Dietrich Bonhoeffer, whose martyrdom I remembered on 9-10 April, gives us the antidote to what Shai correctly denounces as "selfism" in his song: "When Christ calls a man, he bids him come and die." Of course, Bonhoeffer's words are an echo of those of our Lord, who said, "Whoever wants to be my disciple must deny themselves and take up their cross and follow me" (Matt. 16:24- emboldening and italicizing emphasis mine).

Shai Linne

In a Christian Post article about Shai's hard-hitting lyrics, James Arinaitwe, a Yale University global health fellow from Uganda, speaking at a recent forum, highlighted the same issue: "This kind of Christians in the evangelical movement preach love your neighbors as you love yourself but then the pastor is driving a BMW, a Benz and is living by the sea in a mansion while the congregation is living without healthcare or food. This is what I see in Uganda when I go home, so where did we lose that peace?"

During the 1994 Synod of Bishops that took up the consecrated religious life in the Church, I remember some bishops of the developing countries criticized Western religious orders for living such wealthy lifestyles amidst what is often grinding poverty, saying that it compromised their Gospel witness. Of course, this falls far short of the shenanigans of those Shai called out by name (Osteen, Meyer, Hinn, Paula White, etc.).

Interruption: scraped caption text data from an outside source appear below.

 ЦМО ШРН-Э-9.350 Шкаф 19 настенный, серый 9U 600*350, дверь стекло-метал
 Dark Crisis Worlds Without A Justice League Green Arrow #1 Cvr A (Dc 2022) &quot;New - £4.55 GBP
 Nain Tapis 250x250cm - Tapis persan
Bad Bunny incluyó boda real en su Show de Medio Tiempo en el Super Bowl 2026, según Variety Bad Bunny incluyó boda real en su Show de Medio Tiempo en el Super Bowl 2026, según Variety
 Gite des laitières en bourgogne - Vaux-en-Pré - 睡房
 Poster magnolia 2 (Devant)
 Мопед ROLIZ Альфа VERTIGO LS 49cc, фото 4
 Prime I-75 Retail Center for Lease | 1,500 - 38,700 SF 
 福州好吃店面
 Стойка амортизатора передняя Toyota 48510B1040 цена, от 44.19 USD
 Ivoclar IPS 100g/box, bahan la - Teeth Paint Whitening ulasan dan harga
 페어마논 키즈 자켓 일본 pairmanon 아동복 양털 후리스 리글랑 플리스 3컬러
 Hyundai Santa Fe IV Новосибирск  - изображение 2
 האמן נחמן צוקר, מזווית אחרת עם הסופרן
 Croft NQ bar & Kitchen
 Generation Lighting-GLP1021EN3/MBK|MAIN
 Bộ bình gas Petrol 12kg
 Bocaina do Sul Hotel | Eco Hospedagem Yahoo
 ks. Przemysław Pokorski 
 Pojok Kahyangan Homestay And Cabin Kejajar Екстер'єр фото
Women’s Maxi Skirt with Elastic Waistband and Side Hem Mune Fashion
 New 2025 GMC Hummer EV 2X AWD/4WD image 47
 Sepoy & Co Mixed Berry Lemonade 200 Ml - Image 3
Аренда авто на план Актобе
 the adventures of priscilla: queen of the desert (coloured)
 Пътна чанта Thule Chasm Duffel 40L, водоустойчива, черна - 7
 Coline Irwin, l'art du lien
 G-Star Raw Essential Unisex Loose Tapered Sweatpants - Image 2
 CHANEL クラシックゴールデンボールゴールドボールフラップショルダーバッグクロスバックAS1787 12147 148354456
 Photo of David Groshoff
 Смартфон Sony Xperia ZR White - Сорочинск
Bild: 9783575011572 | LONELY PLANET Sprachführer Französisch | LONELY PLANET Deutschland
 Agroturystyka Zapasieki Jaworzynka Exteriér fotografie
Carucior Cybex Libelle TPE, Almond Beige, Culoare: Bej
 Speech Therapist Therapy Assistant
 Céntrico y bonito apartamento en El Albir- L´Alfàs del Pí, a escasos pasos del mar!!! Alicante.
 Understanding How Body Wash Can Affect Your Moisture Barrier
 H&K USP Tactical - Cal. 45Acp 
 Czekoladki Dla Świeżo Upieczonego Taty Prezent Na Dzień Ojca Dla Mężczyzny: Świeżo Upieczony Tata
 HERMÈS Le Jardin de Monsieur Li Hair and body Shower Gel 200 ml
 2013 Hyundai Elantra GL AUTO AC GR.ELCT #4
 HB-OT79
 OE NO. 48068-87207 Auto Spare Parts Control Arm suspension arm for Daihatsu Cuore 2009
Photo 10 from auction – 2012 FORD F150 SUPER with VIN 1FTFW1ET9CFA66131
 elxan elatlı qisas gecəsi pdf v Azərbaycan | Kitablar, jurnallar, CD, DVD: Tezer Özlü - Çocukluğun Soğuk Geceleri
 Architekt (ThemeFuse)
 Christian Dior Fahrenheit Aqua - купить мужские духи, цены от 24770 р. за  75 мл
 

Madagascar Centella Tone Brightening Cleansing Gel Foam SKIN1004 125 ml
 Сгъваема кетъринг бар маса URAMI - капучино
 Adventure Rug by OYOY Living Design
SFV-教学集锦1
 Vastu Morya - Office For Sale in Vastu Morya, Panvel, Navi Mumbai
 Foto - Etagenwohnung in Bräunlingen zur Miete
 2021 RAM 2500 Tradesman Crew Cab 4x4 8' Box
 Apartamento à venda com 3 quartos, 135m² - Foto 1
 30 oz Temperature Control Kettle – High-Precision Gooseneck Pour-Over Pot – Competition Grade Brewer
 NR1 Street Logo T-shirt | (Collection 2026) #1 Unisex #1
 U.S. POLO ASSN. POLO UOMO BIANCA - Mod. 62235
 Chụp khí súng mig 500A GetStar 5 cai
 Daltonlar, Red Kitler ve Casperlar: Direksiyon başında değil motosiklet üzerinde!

Don't be deceived by this funny biz, if you come to Jesus for money, then he's not your God, money is! Jesus is not a means to an end, the Gospel is He came to redeem us from sin, and that is the message forever I yell! If you're living your best life now you're heading for hell!

If you're interested in what has ensued since the release Linne's song, namely an exchange which began with an open letter by Paula White's son Brandon Knight to Shai. When pressed about what aspects of White's teaching were problematic, Linne produced a video with this text: "Paula White did a series called '8 Promises of the Atonement,' that at the time of my writing this, is currently featured on your ministry website. In it, she states that physical healing and financial abundance in this life are provided for in the atonement of Christ." You can read more over on the Christian Post's Jesus Musik blog. Of course, as with all of these teachers, this is but one of many examples that could've been given.


  1. While the worst of the promoters of the "Prosperity Message" (Jimmy Swaggart and Jim Bakker come to mind)have been effectively dethroned, please do not think that this idea has totally vanished from Evangelical Christianity. It hasn't. There was plenty of this thinking driving events of 2012.

    Dcn Norb in Ohio

  2. I disagree wholeheartedly, Swaggert, et al. were not the worst. They were certainly the most flamboyant and, at least from a marketing perspective, made a lot of stupid mistakes. The new generation, those who Shai calls out, have learned all those lessons and continue not only to fleece the flock, but to take advantage of those who can least afford it. Joel Osteen and Meyer make Swaggert and Bakker look like the amateurs they were. Benny Hinn, who dates back to those days, is still going strong.

  3. Scott: I think we agree more than we disagree. I just happen to be more familiar with those discredited earlier promoters than I am with Osteen and Meyer.

    I mentioned 2012 deliberately. Much of the political background noise of that time not only pushed the idea of the "Prosperity Message" but also ignored traditional Roman Catholic teaching that "Greed is one of the Seven Deadly Sins."